Wednesday 28 October 2020

Sources for Alexander the Great

 


The real problem when it comes to writing about Alexander is that none of these contemporary books has survived to the present day. All these books were lost when the Roman Empire collapsed. Instead we have to rely on the works of men who lived later, but who quoted from the contemporary sources or relied on them.

 

 

Of these later sources the most important are Arrian, Plutarch and Diodorus. Arrian was an admirer of Alexander who drew mostly on the books by Ptolemy and Aristobulous. He also had other sources, some of which were probably official government records. Arrian’s Life of Alexander is long and detailed. Arrian was a Greek who rose to be governor of Cappadocia in the Roman Empire. He wrote his book about the year ad110.

 

 

Plutarch was another admirer of Alexander. He wrote a shorter biography, but he put more effort into looking behind events to assess character and intentions. He based the outline of events on the work of Ptolemy, but also quoted from a host of other sources that are now lost. Many of the human interest anecdotes known about Alexander come from Plutarch’s work.

 

 

Writing about the year 50bc, Diodorus Siculus is the oldest surviving source on Alexander. Diodorus actually wrote a 40 volume History of the World, of which the exploits of Alexander form only a part of one volume. Diodorus preserves much of the work of Cleitarchus, and so is the main source for any stories that do not portray Alexander in a favourable light.

 

 

All these sources share a common problem when read today. They assume that their readers will know things that, today, we don’t. They did not need to set down detail on the weapons of the time, for their readers would have seen them for themselves. They did not need to explain how troops formed up for battle, as their readers would already have known.

 

 

Imagine a modern writer producing an account of the invasion of Iraq by the USA and its allies. He would not need to explain what a tank was, nor an aircraft. He would not need to explain that Saddam Hussein ruled Iraq, nor that George W. Bush was President of the USA. All this he could assume his readers would already know. He could just get on with telling the story of what happened.
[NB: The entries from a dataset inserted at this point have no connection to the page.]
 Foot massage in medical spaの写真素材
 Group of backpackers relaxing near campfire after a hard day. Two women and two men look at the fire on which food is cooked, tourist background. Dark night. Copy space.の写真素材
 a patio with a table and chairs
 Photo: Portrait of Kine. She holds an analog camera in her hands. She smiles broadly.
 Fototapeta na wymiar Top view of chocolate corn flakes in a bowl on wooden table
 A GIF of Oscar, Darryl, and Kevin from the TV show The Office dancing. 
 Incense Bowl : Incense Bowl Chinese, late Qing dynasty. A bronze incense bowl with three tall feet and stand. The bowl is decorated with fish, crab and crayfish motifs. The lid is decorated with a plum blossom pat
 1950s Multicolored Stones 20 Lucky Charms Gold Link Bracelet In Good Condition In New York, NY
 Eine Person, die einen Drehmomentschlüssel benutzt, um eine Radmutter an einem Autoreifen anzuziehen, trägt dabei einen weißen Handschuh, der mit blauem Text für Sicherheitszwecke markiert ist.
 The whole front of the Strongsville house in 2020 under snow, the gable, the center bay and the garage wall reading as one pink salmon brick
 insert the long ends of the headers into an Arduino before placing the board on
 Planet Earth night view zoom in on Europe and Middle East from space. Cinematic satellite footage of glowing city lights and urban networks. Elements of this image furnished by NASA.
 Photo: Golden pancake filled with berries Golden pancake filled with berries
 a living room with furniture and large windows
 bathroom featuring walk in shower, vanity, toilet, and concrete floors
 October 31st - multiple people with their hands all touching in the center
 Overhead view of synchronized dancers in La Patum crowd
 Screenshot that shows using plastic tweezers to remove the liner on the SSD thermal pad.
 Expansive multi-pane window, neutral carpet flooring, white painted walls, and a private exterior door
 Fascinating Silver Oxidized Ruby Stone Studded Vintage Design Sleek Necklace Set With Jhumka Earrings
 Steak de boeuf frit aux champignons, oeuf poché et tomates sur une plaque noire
But for a reader in the 40th century, unfamiliar with the situation, all this and much more would need to be explained for events to make sense.

 

 

For details of how battles were fought we need to look elsewhere than the biographies of Alexander. There are two main sources for Macedonian warfare. The first is Polybius, a Greek writer born in 204bc who later moved to Rome and wrote a “History of Rome”. Polybius also wrote a detailed work on military history, but this has not survived. Other writers quoted extensively from Polybius, and some of these books have survived. By picking and choosing excerpts from a dozen later books it is possible to reconstruct much of what Polybius had to say.

 

 

The second main source for military matters is Asclepiodotus, who was writing about a century after Polybius. His works have survived and include some very detailed information on weapons and tactics. Unfortunately for us, Asclepiodotus is writing about how the Macedonian system worked some 200 years after Alexander’s time. By that time terminology and practice had both changed and it is not always easy to decide which bits of what Asclepiodotus tells us are relevant to Alexander’s time.